SLA Quarterly
Jerry Sullivan

Landmark Surplus Line Bill Passed at End of 1993 Legislative Session

With the close of the 1993 legislative year, only one surplus line bill has made it through the intricate maze in Sacramento: Assembly Bill 865. This significant bill was sponsored by the Surplus Line Coalition and supported by the Surplus Line Association, California Insurance Wholesalers Association, and Insurance Agents and Brokers Legislative Council. AB 865 will legislatively recognize a surplus line advisory organization, whose job is to assist the Department of insurance in regulating the non-admitted market.

Although this bill will not affect how the individual reputable broker conducts their day to day business, it will have a tremendous positive impact on how we, as an industry, proceed into the future. This bill corrects one of the drawbacks which the SLA has had to contend with due to not being legislatively recognized: the threat of legal action by -unscrupulous brokers and unreliable non-admitted insurers.

Because of this threat, the SLA has been prevented from sharing information with the DOI. The result has been that the DOI has been deprived of a valuable resource in their mission to crack down on disreputable brokers and nonadmitted insurers in the California non-admitted market.

The highlights of AB 865 are as follows:

  1. A surplus line advisory organization is authorized to perform the duties delegated by the Insurance Commissioner. The qualifications for the organization are detailed in the bill. The SLA meets all the criteria and will apply to be the surplus line advisory organization.
  2. The Insurance commissioner shall remain fully responsible for supervising the implementation and administration of the surplus line law.
  3. The surplus line advisory organization will submit a plan of operation to the Insurance commissioner for his approval. It will identify the duties that the organization proposes to perform and how the duties will be accomplished. In addition to the tasks currently performed by the SLA, the surplus line advisory organization is authorized to report any factual fraudulent or illegal activity or potential risk of harm to insurance consumers in the surplus line market.
  4. Grants immunity to the surplus line advisory organization for actions taken or omitted in the performance of their delegated tasks.
  5. Authorizes the assessment of a stamping fee. Any increase above 3/4 of one percent will have to be filed with the commissioner's office.

One provision which was added to this bill at the last minute was a "sunset clause." In essence, what this clause states is that unless SB 959 (White List Bill) passes next year, AB 865 will no longer be in effect. Based on our discussions with the author of SB 959, Senator Patrick Johnston, and the DOI, there is very good progress on this bill and the prognosis is that it will pass.

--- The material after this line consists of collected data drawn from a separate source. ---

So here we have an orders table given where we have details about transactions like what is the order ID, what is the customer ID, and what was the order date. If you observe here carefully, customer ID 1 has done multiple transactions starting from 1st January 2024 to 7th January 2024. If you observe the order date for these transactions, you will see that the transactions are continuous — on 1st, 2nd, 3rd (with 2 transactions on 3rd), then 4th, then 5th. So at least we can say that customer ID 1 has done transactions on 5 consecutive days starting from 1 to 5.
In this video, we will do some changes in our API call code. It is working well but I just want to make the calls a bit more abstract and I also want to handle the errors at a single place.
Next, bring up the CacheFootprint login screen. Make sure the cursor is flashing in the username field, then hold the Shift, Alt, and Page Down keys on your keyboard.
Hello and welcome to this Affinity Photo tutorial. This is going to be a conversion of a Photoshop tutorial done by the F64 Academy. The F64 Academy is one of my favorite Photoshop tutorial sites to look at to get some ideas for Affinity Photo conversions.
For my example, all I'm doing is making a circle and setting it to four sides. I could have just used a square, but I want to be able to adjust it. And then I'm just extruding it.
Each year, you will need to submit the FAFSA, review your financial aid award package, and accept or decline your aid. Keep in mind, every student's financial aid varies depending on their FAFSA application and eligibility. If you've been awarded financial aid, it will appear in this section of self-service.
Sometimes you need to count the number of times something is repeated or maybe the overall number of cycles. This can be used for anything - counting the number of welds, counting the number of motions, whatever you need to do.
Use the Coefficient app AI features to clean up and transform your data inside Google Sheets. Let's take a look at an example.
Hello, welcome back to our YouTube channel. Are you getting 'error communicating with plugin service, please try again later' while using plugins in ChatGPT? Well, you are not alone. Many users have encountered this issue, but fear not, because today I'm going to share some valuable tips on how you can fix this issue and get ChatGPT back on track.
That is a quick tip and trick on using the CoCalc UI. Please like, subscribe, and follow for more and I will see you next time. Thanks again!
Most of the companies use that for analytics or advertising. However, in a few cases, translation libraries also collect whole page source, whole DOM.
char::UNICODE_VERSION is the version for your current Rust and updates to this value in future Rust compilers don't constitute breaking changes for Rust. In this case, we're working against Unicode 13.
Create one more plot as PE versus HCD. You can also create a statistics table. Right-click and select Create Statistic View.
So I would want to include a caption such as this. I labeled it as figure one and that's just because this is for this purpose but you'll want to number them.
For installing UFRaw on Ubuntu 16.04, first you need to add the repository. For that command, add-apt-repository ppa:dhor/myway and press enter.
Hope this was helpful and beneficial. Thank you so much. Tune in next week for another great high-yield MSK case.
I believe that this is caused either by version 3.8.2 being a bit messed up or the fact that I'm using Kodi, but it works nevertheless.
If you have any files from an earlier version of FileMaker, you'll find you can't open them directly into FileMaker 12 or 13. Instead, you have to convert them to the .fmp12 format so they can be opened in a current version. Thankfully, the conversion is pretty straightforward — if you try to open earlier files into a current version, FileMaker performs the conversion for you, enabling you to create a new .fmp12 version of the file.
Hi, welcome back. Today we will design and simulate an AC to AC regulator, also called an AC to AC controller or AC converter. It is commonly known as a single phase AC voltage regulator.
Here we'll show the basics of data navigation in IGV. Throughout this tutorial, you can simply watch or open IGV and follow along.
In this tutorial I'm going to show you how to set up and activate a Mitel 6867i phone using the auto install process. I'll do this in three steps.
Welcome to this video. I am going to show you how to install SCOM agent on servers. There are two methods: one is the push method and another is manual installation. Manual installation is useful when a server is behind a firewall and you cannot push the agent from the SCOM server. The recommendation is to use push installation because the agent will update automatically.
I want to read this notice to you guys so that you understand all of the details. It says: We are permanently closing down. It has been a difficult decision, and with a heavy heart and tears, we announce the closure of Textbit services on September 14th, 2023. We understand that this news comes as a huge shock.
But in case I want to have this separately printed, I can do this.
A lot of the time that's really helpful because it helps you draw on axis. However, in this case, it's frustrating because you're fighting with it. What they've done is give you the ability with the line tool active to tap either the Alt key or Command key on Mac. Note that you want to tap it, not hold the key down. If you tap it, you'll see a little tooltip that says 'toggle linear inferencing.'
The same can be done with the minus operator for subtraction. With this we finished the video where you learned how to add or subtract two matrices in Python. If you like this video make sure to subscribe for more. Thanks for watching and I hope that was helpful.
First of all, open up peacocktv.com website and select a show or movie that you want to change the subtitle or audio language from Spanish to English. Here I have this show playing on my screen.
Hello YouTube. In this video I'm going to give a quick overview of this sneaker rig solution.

In substance, SB 959 is a codification of Regulation 2174 which created the mechanism to develop a list of acceptable non-admitted carriers for California insurance consumers. In addition to legislating 2174, the SLA is pushing for two additional provisions on which we believe we are close to agreement with the DOI: 1) an industrial insured exemption, and 2) a gap exemption.

The industrial insured exemption would exclude large sophisticated buyers of insurance from certain surplus line requirements in the code.

The gap exemption would allow, under certain circumstances, the surplus line broker to place some coverage with non-admitted insurers who are not on the 'white list" (placement with non-admitted insurers who have been removed from the white 1ist will not be allowed) The proposed conditions for placement with non-white listed non-admitted insurers is allowed if 1) multiple insurers are required to write 100% of the risk, 2) at least 80% of the risk is written by white listed insurers, and 3) the surplus line broker submits to the commissioner any and all documents and information used by the broker in verifying the integrity and financial stability of the non-white listed.

Although this bill was introduced during the 1993 legislative session, there was some technical language on which the author and the DOI still needed to agree when the deadline for passing legislation expired. As result this bill has been held over into the 1994 legislative session, when it again will be considered.

The SLA has been working closely with the author and the DOI in crafting the language for this bill. The SLA was originally supportive of SB 959 when it was first introduced at the beginning of this year. Now that this bill has been tied to AB 865, we are even more committed to its passage in 1994.

One other bill of note which will effect some surplus line brokers is AB 2055. This bill requires that from January I through December 31, 1994, persons subject to insurance taxes (including surplus line brokers) whose annual taxes exceed $50,000 must make payment by electronic funds transfer ("EFT"). On and after January 1, 1995, persons whose annual taxes exceed $20,000 must make payment by EFT. Unfortunately the language in this bill is not completely dear. The SLA is currently working with the DOI to help correct some of the drafting problems. We strongly encourage that any broker who may be affected by this bill contact their tax advisor for guidance. In the meantime, we will keep you apprised of any developments related to this bill.

With the end of the 1993 legislative session, the surplus line community can look back and mark this year as an important milestone in the evolution of the California surplus line market. Significant strides have been made in strengthening and improving the market, which should prove even more beneficial in the coming years.